Published — August 2, 2011 Updated — May 19, 2014 at 12:19 pm ET

FTC examines car sales, financing abuses targeting U.S. troops

Troy Talbot/The Associated Press

Industry says most auto dealers are fair, complaints involve isolated instances

Introduction

A young Navy sailor walks into a car dealership and buys a Camaro.

Sounds simple. But is it?

Advocates for military consumers say financing a car or truck is often a confusing transaction fraught with the potential for fraud, including hidden fees and bait-and-switch salesmanship.

Car dealers and their advocates counter that the transaction is usually a straightforward process. Rip-offs, they say, are rare.

Those competing views clashed Tuesday in San Antonio during a Federal Trade Commission hearing on the problems that sailors, Marines and other U.S. service members encounter when they try to buy and finance cars.

As the iWatch News reported last month, the FTC hearing is an indication of the increasing attention being paid to the consumer problems faced by members of the U.S. military.

Shawn Mercer, a Raleigh, N.C., attorney who represents car dealers, told FTC officials that critics of the car industry are painting with “too broad a brush,” using examples of “isolated bad players” or citing incidents from “bygone years.”

“To the extent there is an abuse somewhere, that’s an exception, not the norm,” Mercer said. He said car dealers aren’t looking for quick sales; they want to create a “customer for life.”

Other panelists described examples of practices targeted at service members, such as manipulating them into buying nearly expired repair warranties or charging them for overpriced add-ons.

U.S. Navy Capt. Dwain Alexander II, an attorney with the Navy Legal Service Office in Norfolk, Va., described one case in which a dealership hid the costs of financing the car by preparing two sets of paperwork and charging the service member $2,700 for a GPS mapping system that retailed for only about $200.

Holly Petraeus, the assistant director for the Office of Servicemember Affairs at the new federal Consumer Financial Protection Bureau (CFPB), noted instances in which dealers have ensnared service members by offering them free rides to distant sales lots. But the van “disappears” when the service members need a ride back, and to avoid being AWOL, they have little choice “except to buy something to get back to base,” she said.

Young members of the armed forces are sometimes targeted by car dealers, Petraeus said, because “their salary is absolutely rock-solid and it will be paid twice a month.”

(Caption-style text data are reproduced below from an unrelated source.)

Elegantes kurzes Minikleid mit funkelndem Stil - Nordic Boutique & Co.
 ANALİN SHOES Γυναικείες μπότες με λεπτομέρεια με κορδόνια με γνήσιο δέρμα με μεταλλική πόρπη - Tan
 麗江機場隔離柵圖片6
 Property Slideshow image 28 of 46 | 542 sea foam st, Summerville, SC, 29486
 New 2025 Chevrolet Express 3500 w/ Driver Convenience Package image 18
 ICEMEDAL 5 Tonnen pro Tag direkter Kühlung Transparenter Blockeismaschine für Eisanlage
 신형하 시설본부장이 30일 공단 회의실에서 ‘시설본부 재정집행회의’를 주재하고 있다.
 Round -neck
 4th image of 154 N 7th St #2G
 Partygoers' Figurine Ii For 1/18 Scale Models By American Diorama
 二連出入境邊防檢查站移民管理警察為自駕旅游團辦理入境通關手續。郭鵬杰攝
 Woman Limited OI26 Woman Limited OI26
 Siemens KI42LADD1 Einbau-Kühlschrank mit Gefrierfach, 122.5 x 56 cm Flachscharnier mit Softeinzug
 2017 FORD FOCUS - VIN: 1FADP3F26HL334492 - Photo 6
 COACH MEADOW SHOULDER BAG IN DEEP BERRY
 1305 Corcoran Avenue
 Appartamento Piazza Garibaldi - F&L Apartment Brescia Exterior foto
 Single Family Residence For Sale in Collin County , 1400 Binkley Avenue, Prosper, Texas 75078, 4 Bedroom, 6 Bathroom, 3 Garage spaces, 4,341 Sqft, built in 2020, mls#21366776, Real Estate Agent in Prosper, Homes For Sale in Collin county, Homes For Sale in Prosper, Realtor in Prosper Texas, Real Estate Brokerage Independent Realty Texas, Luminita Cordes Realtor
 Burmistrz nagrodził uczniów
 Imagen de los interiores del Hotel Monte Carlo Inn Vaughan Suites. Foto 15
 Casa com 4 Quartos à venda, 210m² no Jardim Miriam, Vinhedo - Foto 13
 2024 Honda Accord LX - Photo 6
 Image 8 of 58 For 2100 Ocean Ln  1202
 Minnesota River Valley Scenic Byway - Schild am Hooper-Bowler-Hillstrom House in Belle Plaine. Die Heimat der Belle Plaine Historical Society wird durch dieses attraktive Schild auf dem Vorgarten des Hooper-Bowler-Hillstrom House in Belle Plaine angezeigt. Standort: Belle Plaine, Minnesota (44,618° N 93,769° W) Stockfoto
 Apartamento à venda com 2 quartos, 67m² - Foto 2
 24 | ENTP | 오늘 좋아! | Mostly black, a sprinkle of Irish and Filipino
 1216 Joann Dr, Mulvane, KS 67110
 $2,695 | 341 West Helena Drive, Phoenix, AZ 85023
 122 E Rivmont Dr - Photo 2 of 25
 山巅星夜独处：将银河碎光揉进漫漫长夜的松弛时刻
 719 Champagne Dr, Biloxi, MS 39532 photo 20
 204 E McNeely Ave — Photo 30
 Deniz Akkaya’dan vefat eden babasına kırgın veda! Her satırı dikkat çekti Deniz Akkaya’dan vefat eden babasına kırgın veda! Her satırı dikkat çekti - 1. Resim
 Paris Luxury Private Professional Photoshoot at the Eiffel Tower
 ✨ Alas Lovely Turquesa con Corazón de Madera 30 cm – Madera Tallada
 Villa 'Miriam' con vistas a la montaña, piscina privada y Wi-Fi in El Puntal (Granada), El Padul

Mercer, the dealership lawyer, said more laws aren’t needed. The best way to address any abuses, he said, is to enforce existing state and federal laws and to provide more consumer education to young enlisted men and women.

Under last year’s Dodd-Frank financial reform law, the CFPB has authority over auto lenders, but it generally won’t have authority over car dealers. Under the law, the FTC has increased rulemaking authority over car dealers.

An FTC spokesman told iWatch News that the agency doesn’t know yet how prevalent abuses are against service members, and that the hearing is part of the process of exploring the question.

The spokesman added that the FTC is working to coordinate its efforts with the CFPB, including discussions about sharing complaints.